The infrastructure implementation for this article is available as Terraform using native services in AWS and a React app for the frontend application.

Architecture overview

The proposed infrastructure implementation is shown in Figure 1, where a frontend React app can send queries to a GraphQL endpoint provided by AWS AppSync. When the processing has finished, the React app will receive the results asynchronously and in real time through a GraphQL subscription connection.

Notice how the initial query only returns an acknowledgment for accepting the request, but the result of the request is delivered out of band through a separate mechanism.

Behind the GraphQL endpoint is a basic EDA that uses an AWS SQS to queue incoming requests, and then an AWS Lambda function will take requests off the queue and start processing, before publishing the result on an EventBridge bus. At this point, a rule will be triggered to invoke a mutation on the same AWS AppSync API, which can be subscribed to by the React app, in order to receive the final result in real time.

Figure 1: GraphQL endpoint provided by AppSync in front of a basic event-driven backend.

Walk-through

The walk-through of each of the infrastructure components follows the flow of an event initiated by a React app end user (the left side of Figure 1) all the way through the architecture and back to the React app.

End user React app

One of the most popular frontend libraries is React, and for this particular exploration of GraphQL, the Apollo Client v3 library was chosen. This was due to its ability to integrate seamlessly into the React component structure and because it has a rich set of configurable features, such as authorization and state management.

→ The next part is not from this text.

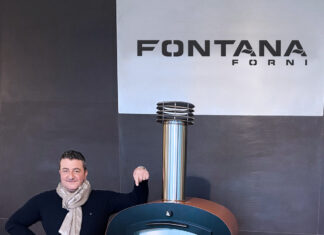 San Lorenzo in Campo, Fontana Forni vince il premio internazionale Good Design Award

Besides the core data fetching and data modifying mechanisms, the Apollo Client v3 has an advanced state management functionality that can support an offline-first approach. This contributes to keeping the frontend source code consistent and avoids the need for an additional state management layer or library such as Redux.

Alternatives to Apollo Client v3 include the following:

aws-amplify/api is part of the AWS Amplify ecosystem and provides basic support for queries, mutations, and subscriptions provided by AppSync. It’s a good choice if you are already using the Amplify libraries in your app.
URQL is a streamlined minimalistic library that is highly extensible and can be used with a variety of JavaScript libraries — not only React but also plain JavaScript and node.js, for example.
Relay is built for scaling and optimization but is also highly opinionated and has a steeper learning curve compared to Apollo Client.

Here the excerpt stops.